Brief
In the entries below, find each line with the string "Size" and copy it.

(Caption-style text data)
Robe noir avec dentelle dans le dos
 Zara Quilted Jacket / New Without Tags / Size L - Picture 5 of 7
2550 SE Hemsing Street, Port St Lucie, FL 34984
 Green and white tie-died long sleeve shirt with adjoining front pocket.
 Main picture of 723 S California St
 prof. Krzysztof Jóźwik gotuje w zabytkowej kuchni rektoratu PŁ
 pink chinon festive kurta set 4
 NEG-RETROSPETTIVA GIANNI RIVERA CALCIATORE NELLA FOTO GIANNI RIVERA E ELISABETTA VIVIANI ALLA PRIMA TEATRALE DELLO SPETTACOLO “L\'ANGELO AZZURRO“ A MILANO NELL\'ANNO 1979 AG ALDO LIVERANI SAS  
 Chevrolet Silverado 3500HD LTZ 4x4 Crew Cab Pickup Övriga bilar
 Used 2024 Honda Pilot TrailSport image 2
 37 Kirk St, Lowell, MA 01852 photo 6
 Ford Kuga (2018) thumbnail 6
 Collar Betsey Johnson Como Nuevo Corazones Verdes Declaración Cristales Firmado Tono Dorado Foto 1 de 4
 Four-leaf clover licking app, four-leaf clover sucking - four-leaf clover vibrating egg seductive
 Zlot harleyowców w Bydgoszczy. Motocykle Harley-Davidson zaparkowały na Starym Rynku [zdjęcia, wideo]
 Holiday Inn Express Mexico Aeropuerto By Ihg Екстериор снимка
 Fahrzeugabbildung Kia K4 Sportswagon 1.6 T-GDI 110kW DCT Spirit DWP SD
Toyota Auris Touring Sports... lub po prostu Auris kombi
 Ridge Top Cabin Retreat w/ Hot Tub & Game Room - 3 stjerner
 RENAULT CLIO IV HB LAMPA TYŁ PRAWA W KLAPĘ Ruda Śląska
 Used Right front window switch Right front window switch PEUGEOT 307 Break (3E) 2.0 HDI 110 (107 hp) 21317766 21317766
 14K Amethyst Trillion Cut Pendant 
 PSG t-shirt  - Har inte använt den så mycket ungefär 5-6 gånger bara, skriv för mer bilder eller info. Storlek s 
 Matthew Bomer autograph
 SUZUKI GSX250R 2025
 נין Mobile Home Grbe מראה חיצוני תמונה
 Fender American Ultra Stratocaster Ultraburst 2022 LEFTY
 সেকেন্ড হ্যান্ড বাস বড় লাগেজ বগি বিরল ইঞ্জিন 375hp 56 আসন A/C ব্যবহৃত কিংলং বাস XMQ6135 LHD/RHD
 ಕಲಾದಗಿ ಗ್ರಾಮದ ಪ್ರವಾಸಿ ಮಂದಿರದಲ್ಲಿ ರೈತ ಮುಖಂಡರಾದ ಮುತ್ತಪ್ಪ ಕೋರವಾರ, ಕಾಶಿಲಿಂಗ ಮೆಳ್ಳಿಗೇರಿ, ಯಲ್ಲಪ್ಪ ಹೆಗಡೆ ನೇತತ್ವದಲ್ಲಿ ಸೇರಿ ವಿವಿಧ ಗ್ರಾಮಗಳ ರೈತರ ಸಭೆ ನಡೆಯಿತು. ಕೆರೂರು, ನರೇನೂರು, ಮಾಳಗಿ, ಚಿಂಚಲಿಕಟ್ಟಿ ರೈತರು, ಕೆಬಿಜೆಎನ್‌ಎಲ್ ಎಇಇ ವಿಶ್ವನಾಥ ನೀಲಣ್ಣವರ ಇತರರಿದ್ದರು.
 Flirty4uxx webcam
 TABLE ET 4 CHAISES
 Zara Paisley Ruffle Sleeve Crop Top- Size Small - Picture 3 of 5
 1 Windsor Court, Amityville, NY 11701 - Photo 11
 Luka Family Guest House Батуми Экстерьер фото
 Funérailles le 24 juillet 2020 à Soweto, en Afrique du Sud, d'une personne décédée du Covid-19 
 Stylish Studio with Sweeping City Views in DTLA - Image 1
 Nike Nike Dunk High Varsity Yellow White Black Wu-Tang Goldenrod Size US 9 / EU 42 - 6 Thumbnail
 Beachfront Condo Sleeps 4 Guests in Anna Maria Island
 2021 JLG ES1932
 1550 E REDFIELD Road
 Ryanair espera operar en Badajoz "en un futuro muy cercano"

Exercise response
 Zara Quilted Jacket / New Without Tags / Size L - Picture 5 of 7
 Zara Paisley Ruffle Sleeve Crop Top- Size Small - Picture 3 of 5
 Nike Nike Dunk High Varsity Yellow White Black Wu-Tang Goldenrod Size US 9 / EU 42 - 6 Thumbnail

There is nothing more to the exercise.